Gogol’ün Palto adlı öyküsünün başkahramanı Akaki Akakiyeviç, hayatta işinden başka bir zevki olmayan, silik bir memurdur. Çevresi tarafından alay konusu olsa da sakin ve huzurlu bir hayat sürmektedir. Rusya’nın zorlu kışlarında eski püskü paltosuyla ne kendini soğuktan koruyabiliyor ne de yenisini almaya gücü yetiyordur. Canını dişine takıp yeterli parayı biriktirebildiğinde ise, hayalini kurduğu paltoya neler olacağından habersizdir.

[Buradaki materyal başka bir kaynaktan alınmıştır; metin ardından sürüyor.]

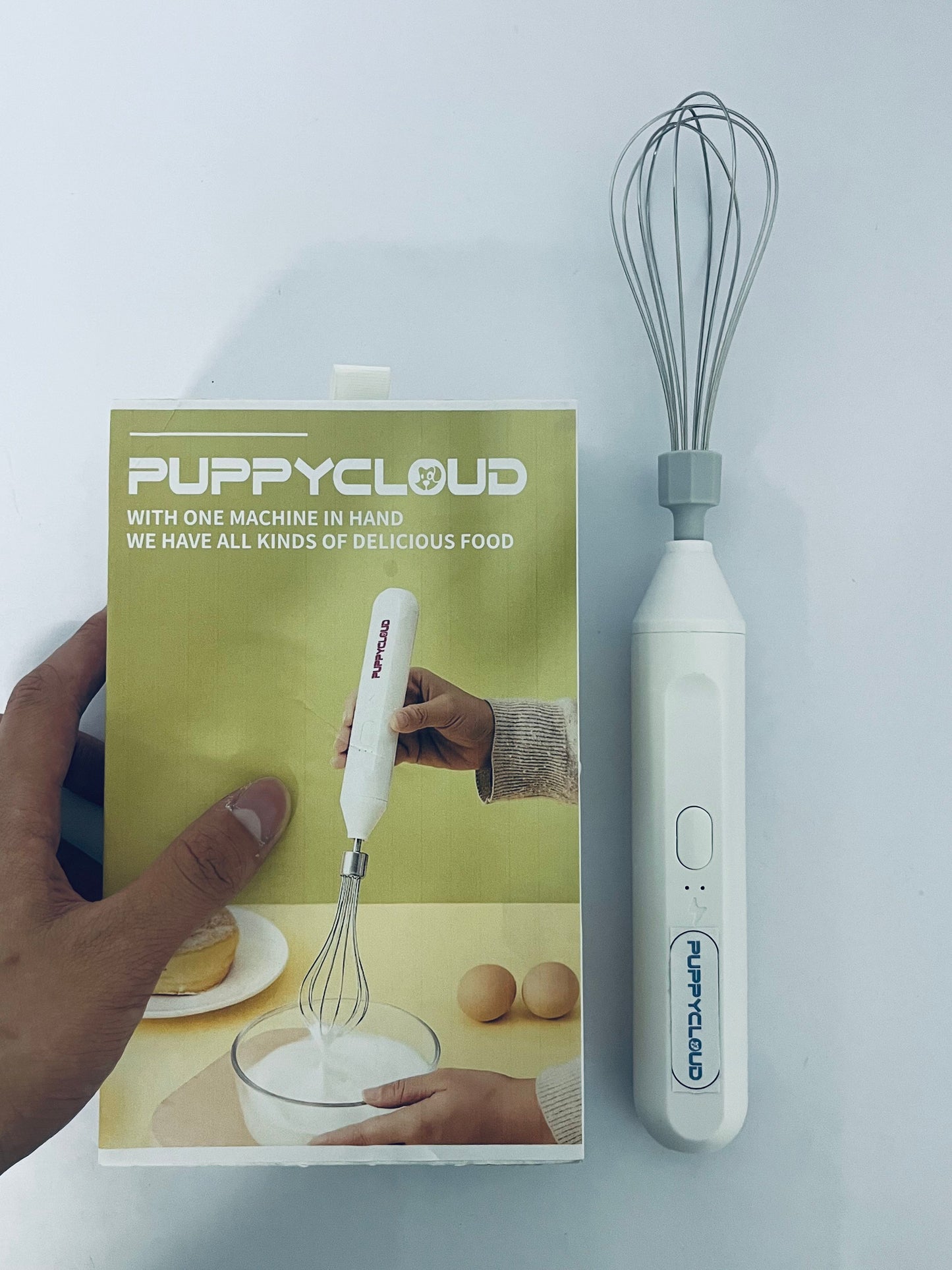 PUPPYCLOUD Electric Whisk Beater, USB Rechargeable Milk Frother, Built-in 800mAh Battery, Automatic Hand Blender for Milk Froth, Coffee, Latte Art, Hot Chocolate, Salad Dressing, Cold Drinks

Burun adlı öyküde ise sıradan bir güne uyanan bir adamın, burnunu her zamanki yerinde bulamayışı ve büyük bir ciddiyetle peşine düşüşü konu edilir.
Bürokrasinin bozulmuş düzenini fantastik öğelerle harmanlarken okuyucuyu da bu arayışa dahil eden Gogol fakirlikle, dışlanmışlıkla ve toplumsal yaşamın zorluklarıyla mücadele etmeye çalışan susturulmuş kitlenin sesi olur. Keskin bir ironi ve gözlem yeteneğiyle yazılmış ve Dostoyevski’nin “Hepimiz Gogol’ün paltosundan çıktık,” diyerek önemini vurguladığı bu eseri, Uğur Büke’nin özenli çevirisiyle sunuyoruz.